In today’s digital marketing world, with so much information and tools at our fingertips, data analysis is more necessary than ever before. What better way to leverage this information than using what is essentially a correlation analysis? Correlation analysis allows you to measure the strength of the relationship between certain data points and actions (but not the cause). Using a linear regression analysis for marketing purposes can open up new doors and insights that you otherwise would not have discovered. Let’s look at what, why, and how you can you use this model to your advantage.
What is a Regression Analysis?
After reading this blog title, you may be thinking, “What is a regression analysis?” If you turned to Google, like the majority of us do, you were probably hit with this Google snippet:
“In statistical modeling, regression analysis is a statistical process for estimating the relationships among variables.” – Wikipedia definition of regression analysis
Great, but once again, “What is a regression analysis?” This time in common English, please!
A regression analysis is a way for us to measure the relationship of one variable to another. This allows us to see what factors of our marketing efforts relate to others. Exploring the relationship between different marketing outlooks and actions creates a foundation for eventually testing causality.
Here are some examples of how a regression analysis can be used for marketing purposes:
- Analyze if Social Engagement relates to Pageviews
- Discover whether E-mail Open Rates relate to Conversions
- Learn whether Page Authority relates to Organic Pageviews
Once we determine whether a relationship exists, we can dig deeper into the relationship to find out why.
How Do We Perform a Regression Analysis?
So first and foremost you’ll need graphing data software – we often use Tableau at SHIFT. You can easily access their free public software here. If you have any questions, feel free to sign up and use the Tableau slack channel. You can also use the R project or even common spreadsheet software.
Once you have that setup, you’ll want to collect the data based on what metrics you want to consider variables. In this exercise, we’ll use the first example listed above and analyze if Social Engagement drives Pageviews.

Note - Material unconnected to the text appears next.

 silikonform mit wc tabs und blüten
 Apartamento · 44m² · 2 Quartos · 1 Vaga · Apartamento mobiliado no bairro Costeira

First, we collect our social media engagement data through the platform’s analytics, such as Facebook Insights and Twitter Analytics. You’ll want to ensure you have the URL to your domain’s site included and save it down to a spreadsheet. If you’re having trouble connecting the different platforms of data, try using VLOOKUP in Excel. Although the step-by-step walkthrough we linked to is regarding a media list, you can use this formula to link any data sets within your spreadsheet.
Next, we’ll want to export the Pageview data in Google Analytics. Go to Behavior > Site Content > All Pages. Highlight the timeframe that you are going to focus on whether it’s a month, quarter or year. Just ensure whatever time period you use for Pageviews, you use the same time frame for Social Engagement data.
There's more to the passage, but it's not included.